Task details ->
In the records below, begin at the line containing "a dining room" and end at the line containing "A jade like"; quote every line in that span exactly, including both boundary lines, and no others.

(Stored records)

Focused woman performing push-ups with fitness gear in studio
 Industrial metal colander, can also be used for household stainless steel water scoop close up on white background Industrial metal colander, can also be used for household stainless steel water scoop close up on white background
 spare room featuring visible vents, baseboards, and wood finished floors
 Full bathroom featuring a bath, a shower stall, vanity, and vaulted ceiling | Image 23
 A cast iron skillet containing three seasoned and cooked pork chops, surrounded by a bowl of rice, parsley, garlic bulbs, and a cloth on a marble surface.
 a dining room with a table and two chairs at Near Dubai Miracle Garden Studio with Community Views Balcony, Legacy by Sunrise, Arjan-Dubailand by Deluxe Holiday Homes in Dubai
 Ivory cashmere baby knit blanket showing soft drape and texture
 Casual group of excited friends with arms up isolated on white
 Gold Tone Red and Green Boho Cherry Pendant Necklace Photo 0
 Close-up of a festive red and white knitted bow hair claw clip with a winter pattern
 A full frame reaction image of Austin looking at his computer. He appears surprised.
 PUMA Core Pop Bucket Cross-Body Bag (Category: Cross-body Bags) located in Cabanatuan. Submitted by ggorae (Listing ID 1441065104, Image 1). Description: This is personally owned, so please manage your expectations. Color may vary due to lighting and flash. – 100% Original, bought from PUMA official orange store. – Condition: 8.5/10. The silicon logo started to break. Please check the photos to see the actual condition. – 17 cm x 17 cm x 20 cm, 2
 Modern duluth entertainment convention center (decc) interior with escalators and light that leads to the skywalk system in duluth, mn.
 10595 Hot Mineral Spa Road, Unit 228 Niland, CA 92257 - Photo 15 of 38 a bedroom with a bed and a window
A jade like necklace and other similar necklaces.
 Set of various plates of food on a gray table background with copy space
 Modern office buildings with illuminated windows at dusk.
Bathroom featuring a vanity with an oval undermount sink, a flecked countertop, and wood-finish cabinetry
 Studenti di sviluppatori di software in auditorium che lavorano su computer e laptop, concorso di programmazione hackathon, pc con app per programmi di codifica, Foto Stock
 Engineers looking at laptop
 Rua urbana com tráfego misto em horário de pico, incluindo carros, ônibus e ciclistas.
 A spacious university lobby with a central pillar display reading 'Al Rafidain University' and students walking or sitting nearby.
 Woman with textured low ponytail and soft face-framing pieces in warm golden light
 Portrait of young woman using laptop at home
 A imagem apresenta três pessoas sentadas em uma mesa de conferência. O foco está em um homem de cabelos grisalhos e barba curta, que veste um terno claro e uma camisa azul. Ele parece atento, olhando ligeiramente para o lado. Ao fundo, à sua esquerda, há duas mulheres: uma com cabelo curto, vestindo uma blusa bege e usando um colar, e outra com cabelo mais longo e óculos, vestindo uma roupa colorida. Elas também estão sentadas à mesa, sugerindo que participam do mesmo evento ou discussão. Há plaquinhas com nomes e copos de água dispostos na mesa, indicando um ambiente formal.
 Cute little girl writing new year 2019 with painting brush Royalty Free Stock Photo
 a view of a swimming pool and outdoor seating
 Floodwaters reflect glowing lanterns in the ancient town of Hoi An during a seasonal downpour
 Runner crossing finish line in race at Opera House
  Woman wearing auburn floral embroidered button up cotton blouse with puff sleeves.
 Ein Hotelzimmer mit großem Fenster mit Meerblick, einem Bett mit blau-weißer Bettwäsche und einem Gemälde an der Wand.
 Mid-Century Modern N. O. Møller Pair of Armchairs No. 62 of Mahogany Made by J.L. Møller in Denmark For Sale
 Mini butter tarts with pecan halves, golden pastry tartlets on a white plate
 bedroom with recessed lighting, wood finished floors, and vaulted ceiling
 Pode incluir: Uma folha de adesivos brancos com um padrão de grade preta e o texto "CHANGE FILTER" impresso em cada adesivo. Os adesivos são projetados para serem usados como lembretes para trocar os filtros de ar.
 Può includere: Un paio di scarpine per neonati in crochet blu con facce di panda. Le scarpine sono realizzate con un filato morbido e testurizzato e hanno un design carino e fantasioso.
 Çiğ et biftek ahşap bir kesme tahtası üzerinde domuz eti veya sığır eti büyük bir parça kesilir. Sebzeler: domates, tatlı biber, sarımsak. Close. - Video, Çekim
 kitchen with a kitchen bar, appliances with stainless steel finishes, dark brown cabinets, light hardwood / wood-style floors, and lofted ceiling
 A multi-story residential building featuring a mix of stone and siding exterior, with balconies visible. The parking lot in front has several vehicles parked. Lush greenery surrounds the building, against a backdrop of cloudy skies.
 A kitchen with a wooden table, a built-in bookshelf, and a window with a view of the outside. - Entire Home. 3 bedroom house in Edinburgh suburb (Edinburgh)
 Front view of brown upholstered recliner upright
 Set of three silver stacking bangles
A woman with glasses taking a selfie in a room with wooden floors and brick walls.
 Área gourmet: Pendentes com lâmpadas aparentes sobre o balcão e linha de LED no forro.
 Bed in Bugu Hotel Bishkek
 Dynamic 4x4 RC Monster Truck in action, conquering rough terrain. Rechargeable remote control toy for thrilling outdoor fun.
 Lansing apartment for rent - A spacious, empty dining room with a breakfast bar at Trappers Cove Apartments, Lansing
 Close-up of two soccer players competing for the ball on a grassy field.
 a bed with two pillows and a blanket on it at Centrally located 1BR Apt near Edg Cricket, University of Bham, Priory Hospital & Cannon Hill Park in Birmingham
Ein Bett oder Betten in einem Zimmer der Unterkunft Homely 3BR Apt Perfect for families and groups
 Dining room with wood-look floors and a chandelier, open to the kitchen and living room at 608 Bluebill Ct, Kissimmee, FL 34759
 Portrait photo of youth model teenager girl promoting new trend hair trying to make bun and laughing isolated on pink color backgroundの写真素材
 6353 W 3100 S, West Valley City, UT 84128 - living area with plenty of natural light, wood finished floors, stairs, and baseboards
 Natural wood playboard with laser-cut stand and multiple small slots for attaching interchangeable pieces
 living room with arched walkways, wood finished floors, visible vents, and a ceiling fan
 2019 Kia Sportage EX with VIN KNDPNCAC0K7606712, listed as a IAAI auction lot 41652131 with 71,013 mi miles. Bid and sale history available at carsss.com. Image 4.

Task solution ->
 a dining room with a table and two chairs at Near Dubai Miracle Garden Studio with Community Views Balcony, Legacy by Sunrise, Arjan-Dubailand by Deluxe Holiday Homes in Dubai
 Ivory cashmere baby knit blanket showing soft drape and texture
 Casual group of excited friends with arms up isolated on white
 Gold Tone Red and Green Boho Cherry Pendant Necklace Photo 0
 Close-up of a festive red and white knitted bow hair claw clip with a winter pattern
 A full frame reaction image of Austin looking at his computer. He appears surprised.
 PUMA Core Pop Bucket Cross-Body Bag (Category: Cross-body Bags) located in Cabanatuan. Submitted by ggorae (Listing ID 1441065104, Image 1). Description: This is personally owned, so please manage your expectations. Color may vary due to lighting and flash. – 100% Original, bought from PUMA official orange store. – Condition: 8.5/10. The silicon logo started to break. Please check the photos to see the actual condition. – 17 cm x 17 cm x 20 cm, 2
 Modern duluth entertainment convention center (decc) interior with escalators and light that leads to the skywalk system in duluth, mn.
 10595 Hot Mineral Spa Road, Unit 228 Niland, CA 92257 - Photo 15 of 38 a bedroom with a bed and a window
A jade like necklace and other similar necklaces.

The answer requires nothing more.